╔══

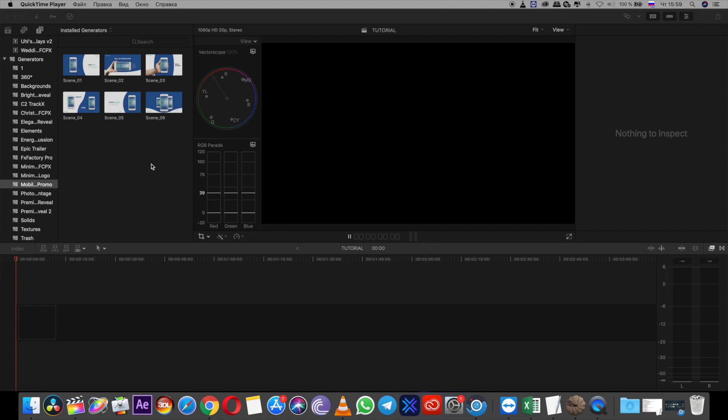In this project you have six scenes. After installation you can find it here in install generators.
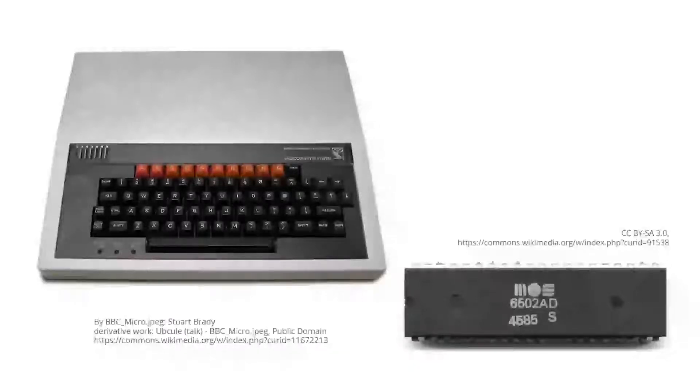I grew up with a BBC Micro which used the 6502 CPU and have very fond memories of writing both basic programs and 6502 assembler.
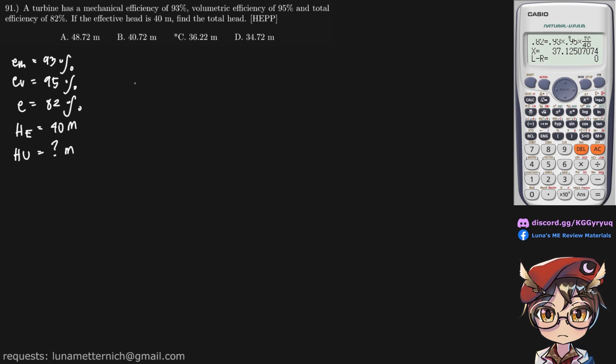So first we know that the total efficiency is the efficiency of everything, the mechanical, the volumetric, and the hydraulic efficiency. So we already have three of these.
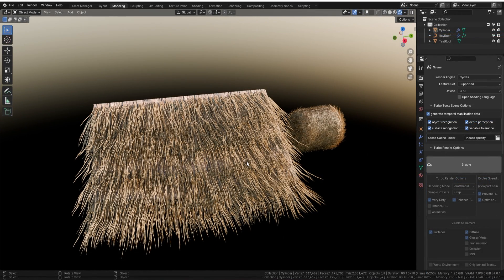Welcome everyone, it's Neil here from 3DTudor, back today with another amazing geometry node. This time we're looking at hay or thatched roofs — those things that are really difficult to achieve a realistic look for. We've created a geometry node where it's simply one click, and you can have hay on your actual roof.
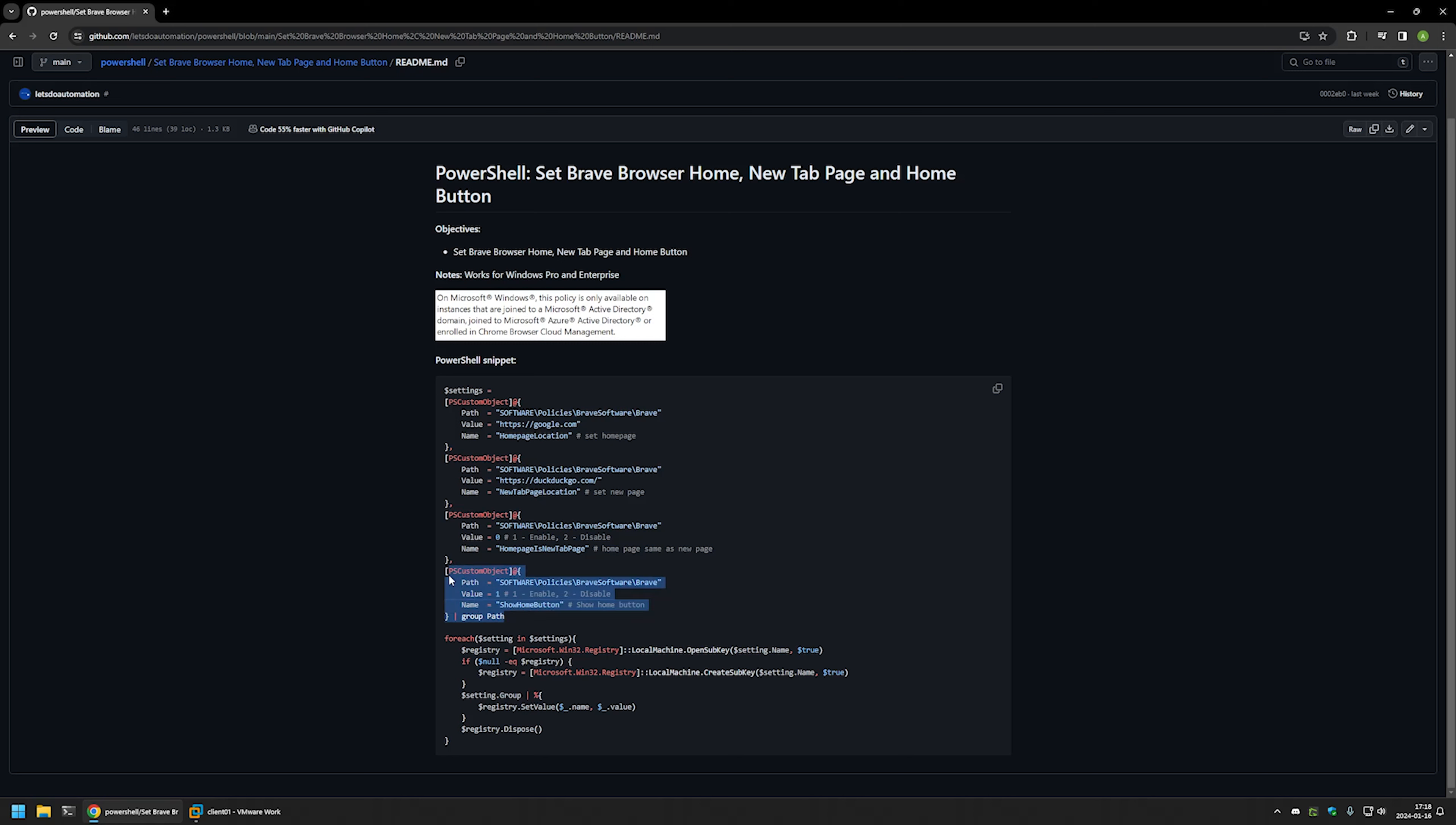And the last one is to enable the home button in Brave Browser. And now I will click on the button right here to copy the PowerShell snippet.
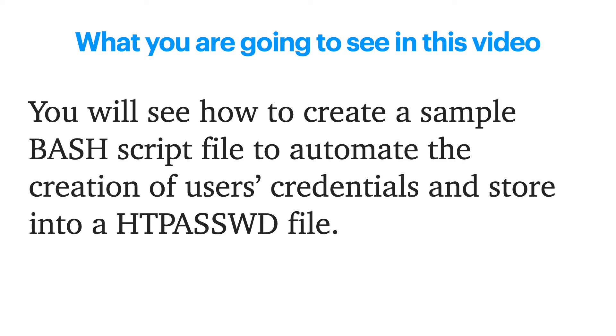So what you're going to see in this video: you'll see how to create a sample bash script file to automate the creation of users' credentials and store them into an htpassword file.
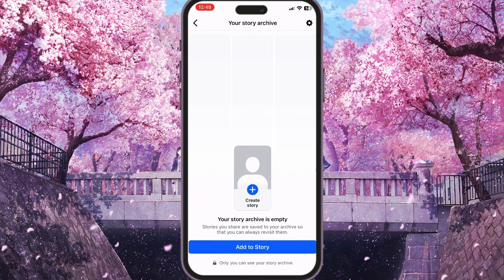And that's all. Here you will see all your archived stories on your account. I have no stories because I didn't archive any of them. Congratulations! If you find this video useful, leave a like and subscribe to the channel. Thank you.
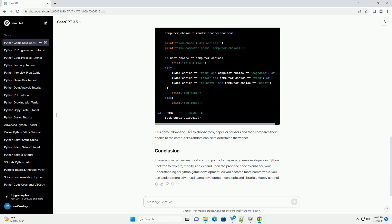These simple games are great starting points for beginner game developers in Python. Feel free to explore, modify, and expand upon the provided code to enhance your understanding of Python game development.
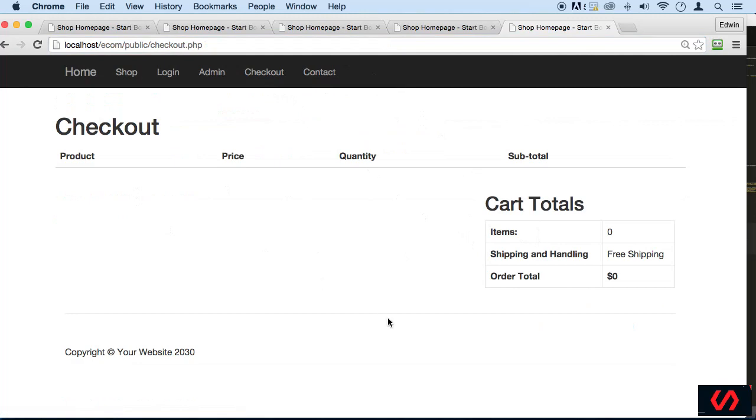I think we did a pretty good job on this and we're going to continue building our e-commerce site. I'll see you in the next lecture, thank you.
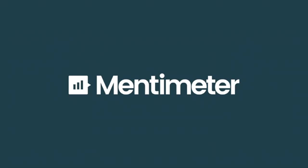Welcome to Mentimeter. This short video will show you how to create your first interactive presentation.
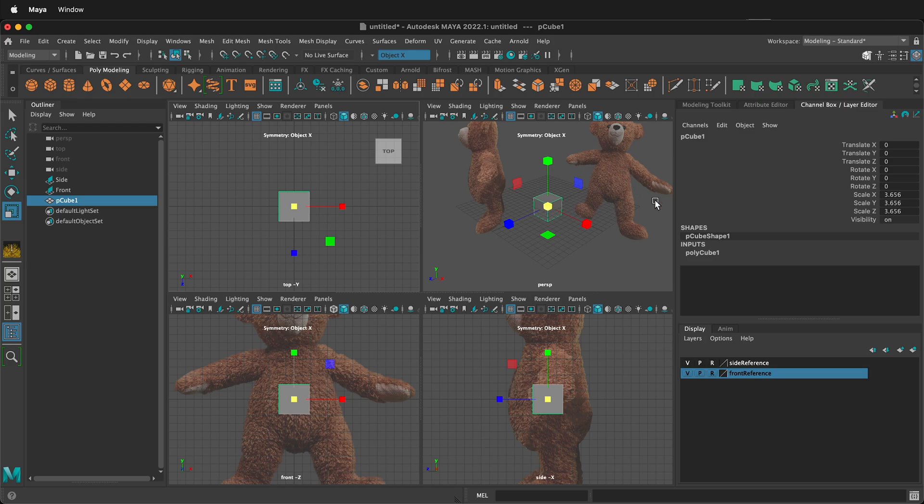So hopefully this tutorial allows you to set up reference images on free image planes in Autodesk Maya. Happy 3D modeling!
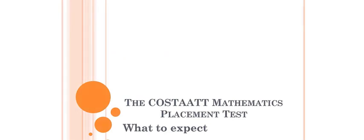Welcome to COSTAATT's Mathematics Placement Test. This is intended to guide you on what to expect when attempting this examination.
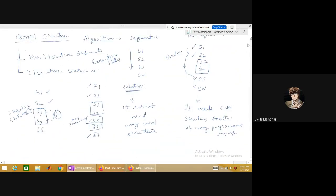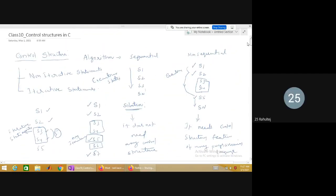All five control structures discussed today — `if`, `if-else`, `if-else-if`, nested `if`, and `switch` — belong to non-iterative control structures. In the next class we will discuss iterative control structures, and then one class will be dedicated to program execution practice.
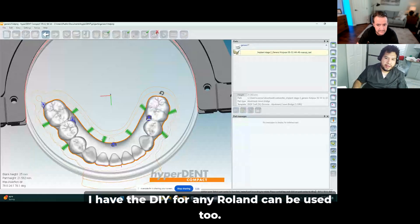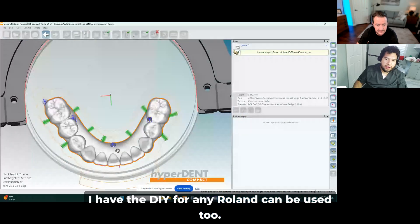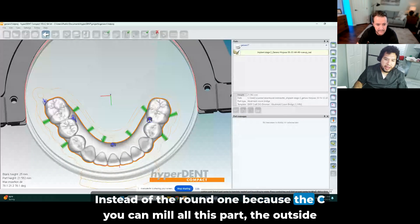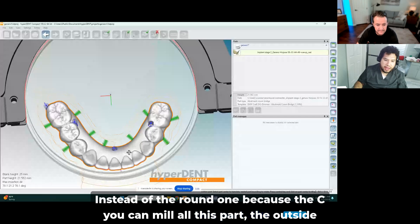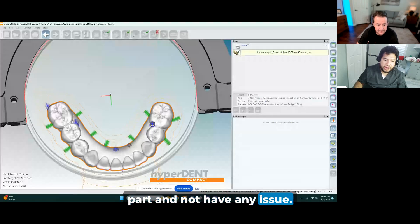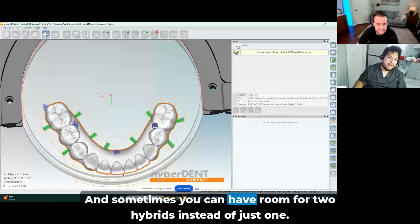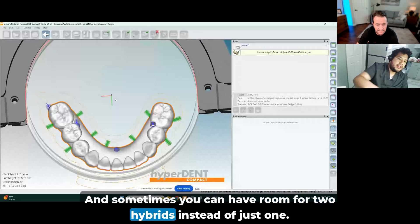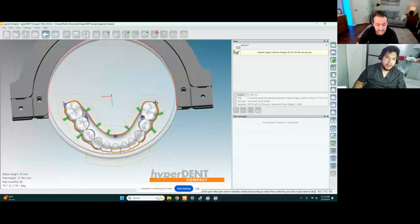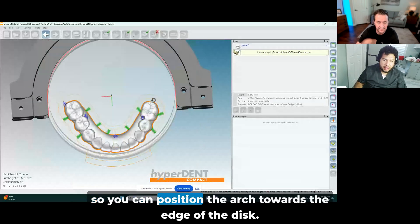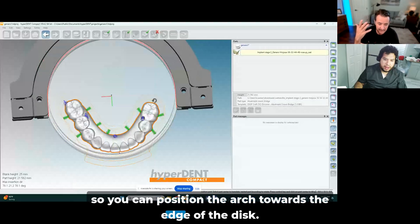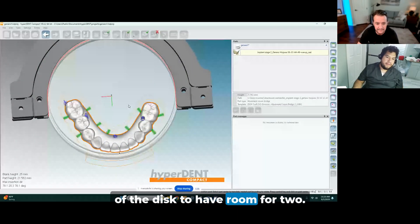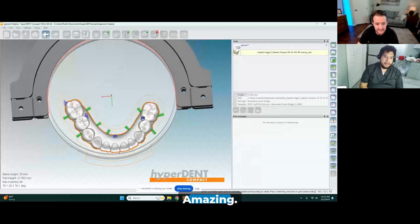Now I have everything in place. I like to use the C-clamp. I have the DOF or any Roland can be used too. Okay, instead of the round one, because the C you can mill all this part, the outside part, and not have an issue. And sometimes you can have room for two hybrids instead of just one. So you can position the arch towards the edge of the disc to have room for two. Amazing.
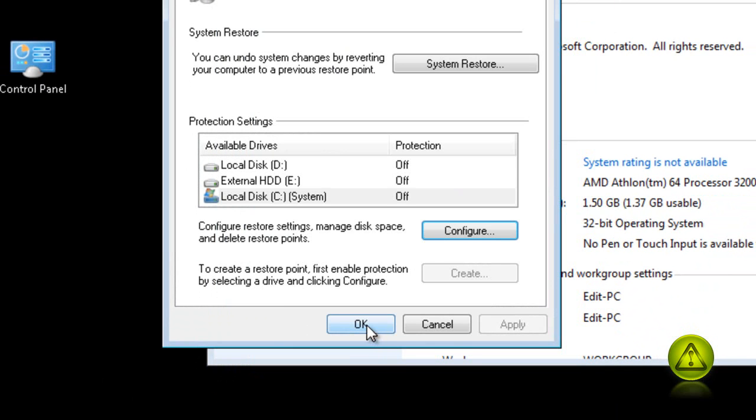You have disabled system restore. As you can see, protection is off.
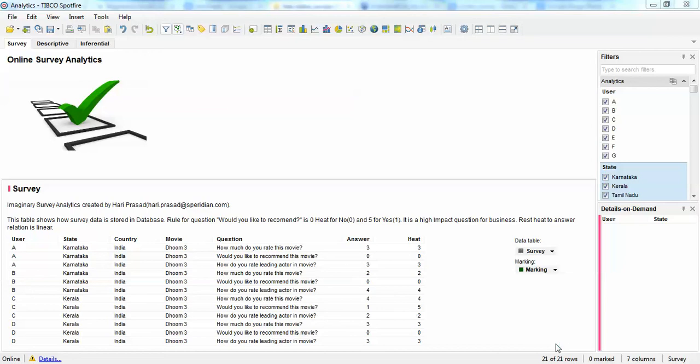Hi all, this is Hari Prasad and I am here to demonstrate a simple sample survey demo for the Indian Bollywood industry. This is to demonstrate what TIBCO Spotfire can give us in terms of analytical capabilities. TIBCO Spotfire is one of the leading BI vendors in the predictive analytics space, and it stands apart in terms of its integration with R and ease of use for predictive modeling.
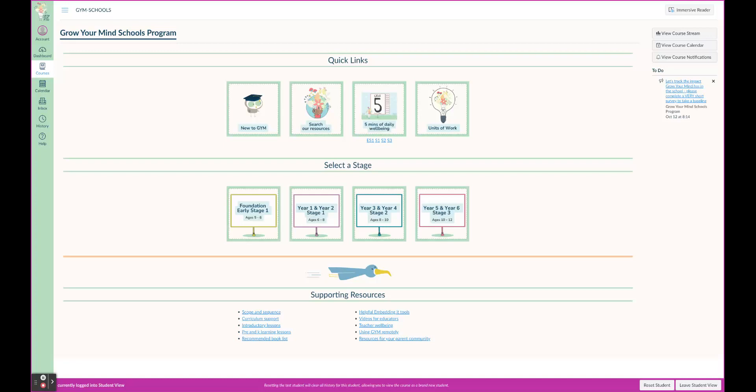Welcome to the new Grow Your Mind Schools program. Here you will find all of the content that you know and love but formatted into this fantastic new LMS. It's going to make your life a lot more easy and enjoyable.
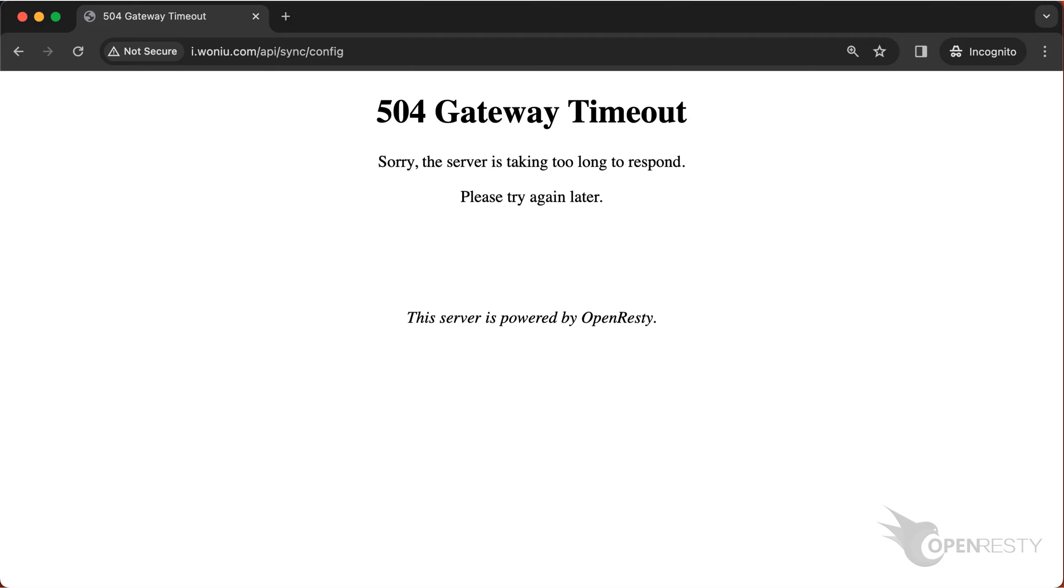Today we will learn how to diagnose HTTP 504 gateway timeout errors in OpenResty or Nginx servers.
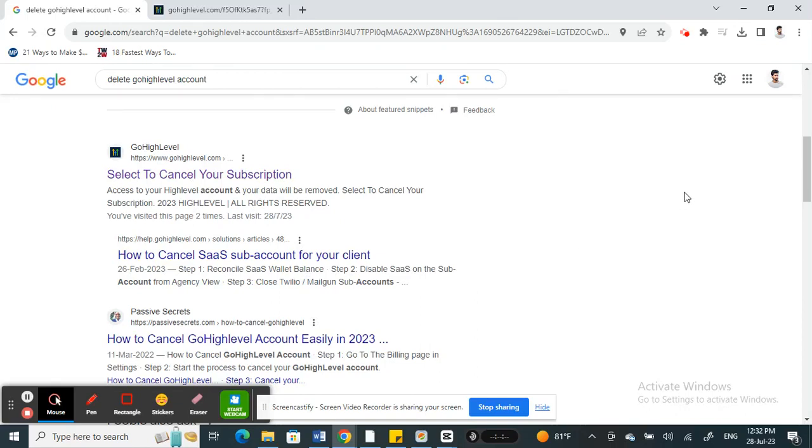Hello everyone, welcome to our channel. Today in this video, I'm going to show you how to delete your GoHighLevel account. Let's get into the video.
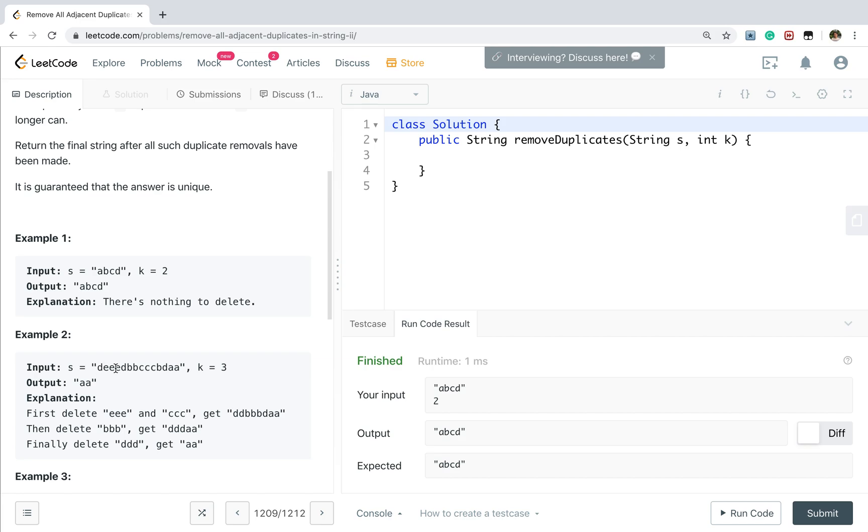The same idea as we deleted this triple e. This double d is adjacent. And now we have this d. So this triple d is adjacent. So we deleted them. So finally we just left this double a.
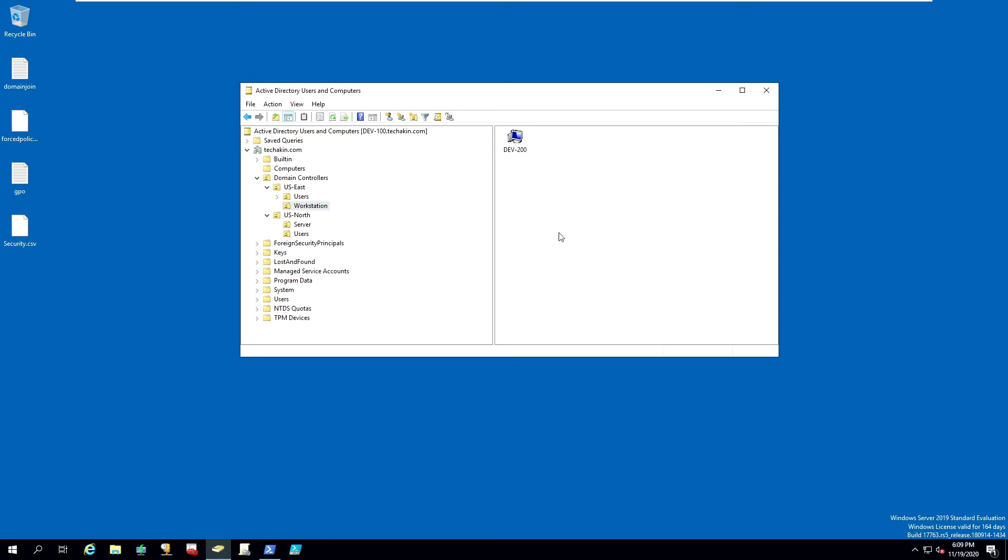But this is a big problem. Because every time you add a new computer, it always goes into this default location. What if you want to specify a specific location where you want to put new computers that you just add to the domain and apply different group policies to them? We're going to look at the way to do that.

╚══

With all pictures omitted, return the lines from the line containing "Hello everyone, welcome" through the closing line of the listing above, exactly and inclusive.

(Answer area)
Hello everyone, welcome to our channel. Today in this video, I'm going to show you how to delete your GoHighLevel account. Let's get into the video.
The same idea as we deleted this triple e. This double d is adjacent. And now we have this d. So this triple d is adjacent. So we deleted them. So finally we just left this double a.
But this is a big problem. Because every time you add a new computer, it always goes into this default location. What if you want to specify a specific location where you want to put new computers that you just add to the domain and apply different group policies to them? We're going to look at the way to do that.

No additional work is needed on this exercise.